Yup, if the employer is paying for the email service then the employer can go through your email. Hopefully the ship-jumpers greed will cost themselves "tons of moula". Like the old saying goes "dogs don't shit where they eat."

Another question, (1)

NoTheory (580275) | more than 9 years ago | (#11275000)

You'd think somebody trying to commit corporate espionage would be smarter wouldn't you? I mean, communication is a two party interaction, you'd think the coporation on the receiving end would provide a slightly more secure method for communication, if they were looking for secrecy :p

Re:Another question, (1, Insightful)

Anonymous Coward | more than 9 years ago | (#11275050)

You'd think a group of people with enough assets to set up an investment banking firm could afford their own set of blackberries.

Re:Another question, (2, Funny)

lucabrasi999 (585141) | more than 9 years ago | (#11275052)

You'd think somebody trying to commit corporate espionage would be smarter wouldn't you?

You would, but these folks were EXECUTIVES. Just by the nature of their job, they are pre-disposed to idiocy.

Re:The should rename (1)

atomicbirdsong (789926) | more than 9 years ago | (#11275387)

The Darwin awards after these people. I just finished working on a small investigation of some county employees in a North East state who were doing some funky business, and man, they said just the most damning things in regular email! Things like, "The systems has flaws, and we circumvent it all the time." No joke. They do get what they deserve. Using a black-berry?! Jesus!

encryption (1)

Apreche (239272) | more than 9 years ago | (#11275002)

Thunderbird + Enigmail
gaim + gaim-encryption
or use gpg or equivalent.

If you're sending messages that could be harmful to yourself unencryptedly, its your own fault. Especially if its at work and you know they are spying on you.

Conspiring to kill the fucktard who posted this (0)

Anonymous Coward | more than 9 years ago | (#11275006)

Think twice before posting shit Above Average Nerds on fucking slashdot already know!

OMFG (2, Funny)

Bif Powell (726774) | more than 9 years ago | (#11275007)

Can we please add 'kerfuffle' to the profanity filter.

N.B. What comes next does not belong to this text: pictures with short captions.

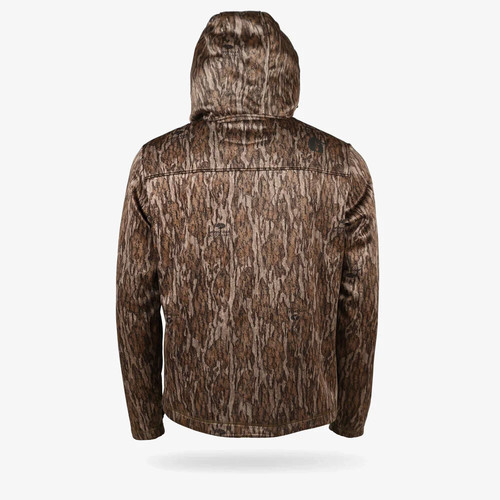 Gator Wader Catahoula 1/2 Zip Hoodie Mossy Oak Bottomland Men's Size: Medium - Picture 3 of 6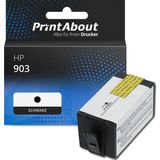 PrintAbout huismerk Inktcartridge 903 (T6L99AE) Zwart Geschikt voor HP
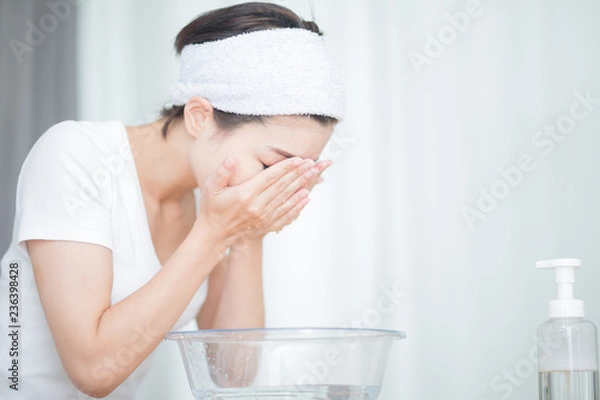 Obraz 洗顔・女性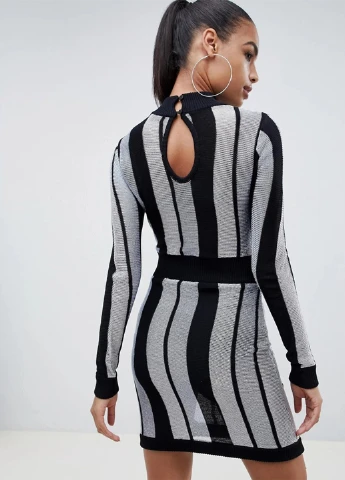 Комбінована кежуал сукня сукня-водолазка Missguided в смужку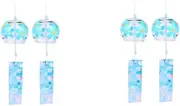 Toddmomy Sets Long-Term Use Glass Wind Chime Japanese Bells Pendant for Yard Decoration Pcs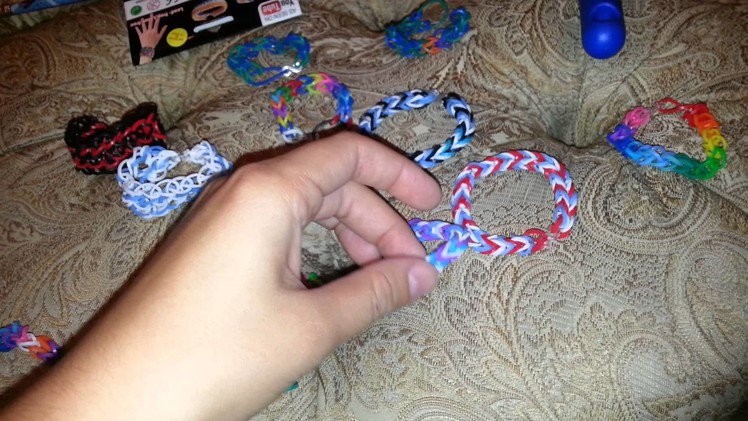 Rainbow Loom Bracelets (Made Without Loom)
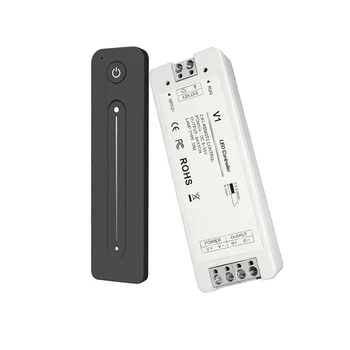 

New Led Dimmer Controller 12V RF Dimmer Wireless remote DC5-36V CV Constant Voltage Receiver Led 5050 3528 Strip Dimming V1+R11
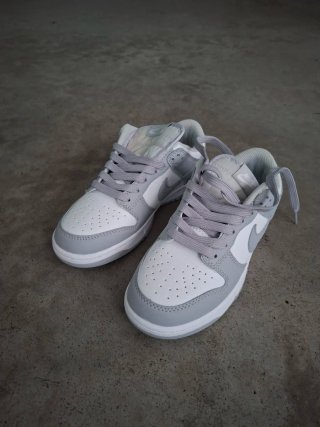 Nike Dunk Low Gris Blanco Talla 38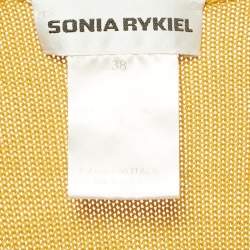 مملوكة مسبقًا جمبسوت سونيا ريكل تريكو أصفر بدون أكمام مقاس متوسط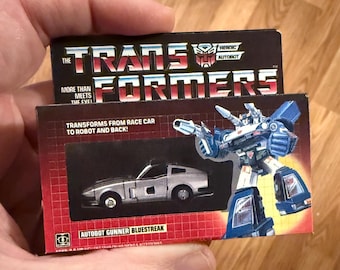 Adorno navideño vintage original Hasbro G1 Transformers BLUESTREAK con imán en miniatura para juguetes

I don't find it profane, but I would prefer to see !#%$@#$#!@ instead.

Well the guy is a moron (1)

hsmith (818216) | more than 9 years ago | (#11275012)

If i am sending anything personal I do it through my webmail that has SSL, why would I want my employer knowing what I am saying on off business or to my g/f?

basic fact is, he deserved to be caught for being a moron.

Re:Well the guy is a moron (1)

guillebot (541194) | more than 9 years ago | (#11275176)

This can be seen easily using a transparent proxy and man in the middle techniques.

Re:Well the guy is a moron (1)

hattmoward (695554) | more than 9 years ago | (#11275262)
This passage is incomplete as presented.